Short text fragments from websites
- - - - -

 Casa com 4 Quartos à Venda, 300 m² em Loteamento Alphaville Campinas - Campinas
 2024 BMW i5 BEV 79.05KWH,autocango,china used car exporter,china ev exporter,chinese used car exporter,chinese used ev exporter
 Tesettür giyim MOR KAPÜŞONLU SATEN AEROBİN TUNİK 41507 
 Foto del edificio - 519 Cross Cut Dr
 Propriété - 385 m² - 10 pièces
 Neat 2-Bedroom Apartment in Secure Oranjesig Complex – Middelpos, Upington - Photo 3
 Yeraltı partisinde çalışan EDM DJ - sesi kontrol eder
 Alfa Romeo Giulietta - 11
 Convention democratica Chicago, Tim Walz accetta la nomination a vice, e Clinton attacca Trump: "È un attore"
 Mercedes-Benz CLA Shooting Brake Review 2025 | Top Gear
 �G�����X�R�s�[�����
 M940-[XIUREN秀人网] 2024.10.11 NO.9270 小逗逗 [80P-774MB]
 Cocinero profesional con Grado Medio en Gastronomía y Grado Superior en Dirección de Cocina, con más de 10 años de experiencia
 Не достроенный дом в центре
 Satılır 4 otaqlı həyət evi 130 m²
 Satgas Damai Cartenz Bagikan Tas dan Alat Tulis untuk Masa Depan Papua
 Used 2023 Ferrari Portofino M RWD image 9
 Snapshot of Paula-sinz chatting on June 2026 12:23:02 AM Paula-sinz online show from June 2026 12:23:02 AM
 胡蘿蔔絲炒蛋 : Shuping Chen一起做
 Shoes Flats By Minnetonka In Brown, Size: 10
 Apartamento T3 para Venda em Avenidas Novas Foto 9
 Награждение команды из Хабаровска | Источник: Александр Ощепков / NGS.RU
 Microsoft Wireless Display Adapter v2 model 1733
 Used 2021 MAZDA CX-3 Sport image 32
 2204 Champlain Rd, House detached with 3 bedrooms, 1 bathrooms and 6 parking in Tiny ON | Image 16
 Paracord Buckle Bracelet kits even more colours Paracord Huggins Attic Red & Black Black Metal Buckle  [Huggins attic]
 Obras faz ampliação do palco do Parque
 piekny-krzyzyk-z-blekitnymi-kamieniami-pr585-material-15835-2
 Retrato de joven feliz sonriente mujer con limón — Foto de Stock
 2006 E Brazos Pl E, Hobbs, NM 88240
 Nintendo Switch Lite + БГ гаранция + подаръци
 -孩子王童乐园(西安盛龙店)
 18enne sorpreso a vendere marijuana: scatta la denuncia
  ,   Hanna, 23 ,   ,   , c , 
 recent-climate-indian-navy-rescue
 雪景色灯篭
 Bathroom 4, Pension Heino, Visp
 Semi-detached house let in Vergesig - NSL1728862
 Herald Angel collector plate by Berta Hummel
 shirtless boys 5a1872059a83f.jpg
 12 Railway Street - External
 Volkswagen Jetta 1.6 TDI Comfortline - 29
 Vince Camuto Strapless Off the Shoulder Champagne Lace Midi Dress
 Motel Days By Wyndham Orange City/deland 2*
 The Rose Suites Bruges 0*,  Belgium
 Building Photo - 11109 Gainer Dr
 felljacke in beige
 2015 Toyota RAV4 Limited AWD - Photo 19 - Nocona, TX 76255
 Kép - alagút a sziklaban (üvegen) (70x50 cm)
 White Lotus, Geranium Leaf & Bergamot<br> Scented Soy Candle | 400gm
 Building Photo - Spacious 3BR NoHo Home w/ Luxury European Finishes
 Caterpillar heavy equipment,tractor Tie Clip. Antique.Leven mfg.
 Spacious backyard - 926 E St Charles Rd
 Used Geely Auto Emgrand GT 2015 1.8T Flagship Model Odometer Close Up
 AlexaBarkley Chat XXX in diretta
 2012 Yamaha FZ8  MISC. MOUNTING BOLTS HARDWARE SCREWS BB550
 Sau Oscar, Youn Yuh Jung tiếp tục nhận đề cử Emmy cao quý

- - - - -

_Work item_
Could you retype exactly the lines above from the one containing "Building Photo - Spacious" through the last line of the records, both included, and nothing else?

_Exercise answer_
 Building Photo - Spacious 3BR NoHo Home w/ Luxury European Finishes
 Caterpillar heavy equipment,tractor Tie Clip. Antique.Leven mfg.
 Spacious backyard - 926 E St Charles Rd
 Used Geely Auto Emgrand GT 2015 1.8T Flagship Model Odometer Close Up
 AlexaBarkley Chat XXX in diretta
 2012 Yamaha FZ8  MISC. MOUNTING BOLTS HARDWARE SCREWS BB550
 Sau Oscar, Youn Yuh Jung tiếp tục nhận đề cử Emmy cao quý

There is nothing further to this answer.